* _SUPPLIED DATA_
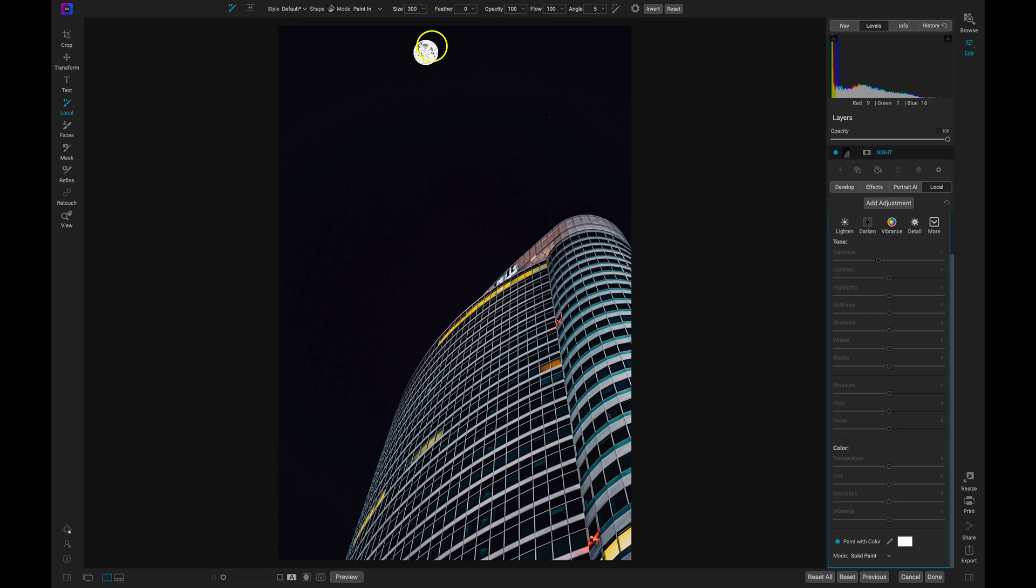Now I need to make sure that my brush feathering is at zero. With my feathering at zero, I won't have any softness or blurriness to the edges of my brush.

--

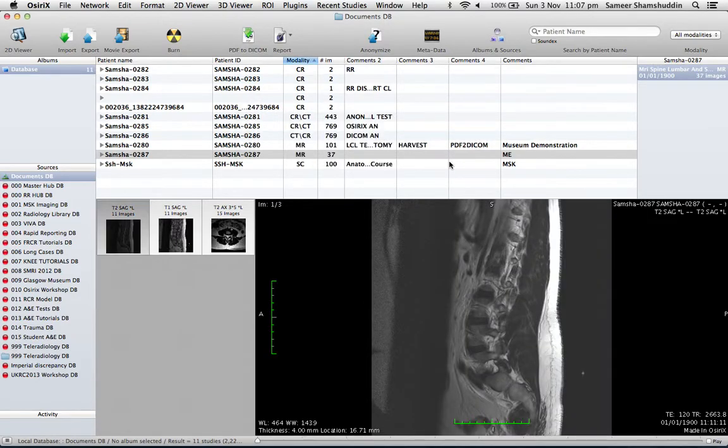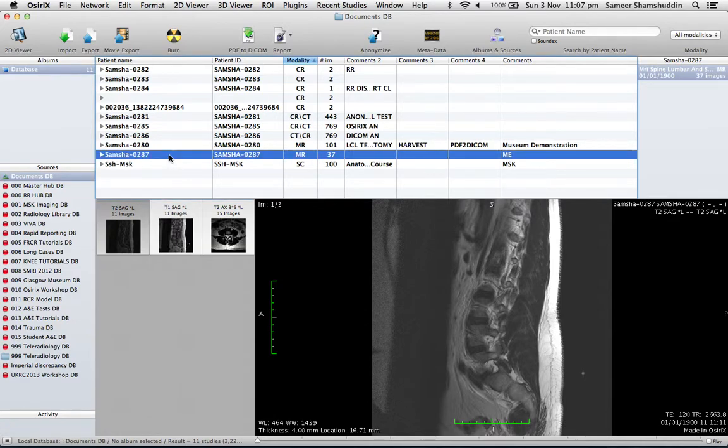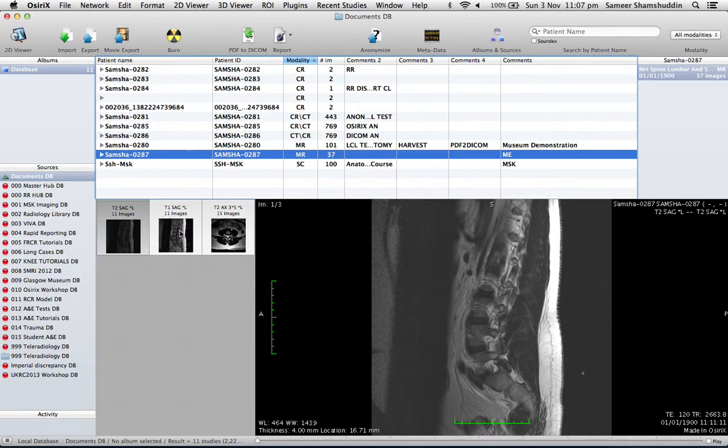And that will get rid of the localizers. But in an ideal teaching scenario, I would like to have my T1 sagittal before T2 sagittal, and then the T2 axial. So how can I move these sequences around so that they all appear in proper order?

...

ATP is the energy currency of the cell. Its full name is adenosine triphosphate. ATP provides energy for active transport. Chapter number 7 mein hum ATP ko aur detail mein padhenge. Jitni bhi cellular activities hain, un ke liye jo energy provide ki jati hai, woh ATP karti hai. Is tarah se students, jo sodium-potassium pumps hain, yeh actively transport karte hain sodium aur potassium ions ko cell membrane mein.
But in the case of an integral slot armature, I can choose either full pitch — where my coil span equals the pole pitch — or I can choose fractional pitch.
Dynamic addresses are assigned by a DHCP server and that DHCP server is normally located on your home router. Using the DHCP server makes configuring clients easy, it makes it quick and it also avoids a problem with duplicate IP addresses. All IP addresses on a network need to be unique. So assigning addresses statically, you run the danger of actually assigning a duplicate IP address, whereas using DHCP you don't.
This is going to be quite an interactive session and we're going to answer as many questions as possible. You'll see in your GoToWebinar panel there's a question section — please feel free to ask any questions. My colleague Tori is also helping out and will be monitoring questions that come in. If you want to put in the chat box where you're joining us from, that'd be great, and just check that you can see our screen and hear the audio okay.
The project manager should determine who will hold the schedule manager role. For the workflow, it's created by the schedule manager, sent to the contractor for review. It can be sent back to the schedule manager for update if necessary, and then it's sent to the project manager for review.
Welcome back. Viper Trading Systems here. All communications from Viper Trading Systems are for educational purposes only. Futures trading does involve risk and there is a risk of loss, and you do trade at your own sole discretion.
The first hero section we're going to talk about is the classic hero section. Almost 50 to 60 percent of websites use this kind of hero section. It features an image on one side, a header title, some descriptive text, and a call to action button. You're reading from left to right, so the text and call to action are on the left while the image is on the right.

* _ASSIGNMENT_
In the entries above, the lines between the one holding "But in the case" and the one holding "Welcome back. Viper", inclusive, are to be printed exactly as written, and those alone.

* _REPLY TO THE EXERCISE_
But in the case of an integral slot armature, I can choose either full pitch — where my coil span equals the pole pitch — or I can choose fractional pitch.
Dynamic addresses are assigned by a DHCP server and that DHCP server is normally located on your home router. Using the DHCP server makes configuring clients easy, it makes it quick and it also avoids a problem with duplicate IP addresses. All IP addresses on a network need to be unique. So assigning addresses statically, you run the danger of actually assigning a duplicate IP address, whereas using DHCP you don't.
This is going to be quite an interactive session and we're going to answer as many questions as possible. You'll see in your GoToWebinar panel there's a question section — please feel free to ask any questions. My colleague Tori is also helping out and will be monitoring questions that come in. If you want to put in the chat box where you're joining us from, that'd be great, and just check that you can see our screen and hear the audio okay.
The project manager should determine who will hold the schedule manager role. For the workflow, it's created by the schedule manager, sent to the contractor for review. It can be sent back to the schedule manager for update if necessary, and then it's sent to the project manager for review.
Welcome back. Viper Trading Systems here. All communications from Viper Trading Systems are for educational purposes only. Futures trading does involve risk and there is a risk of loss, and you do trade at your own sole discretion.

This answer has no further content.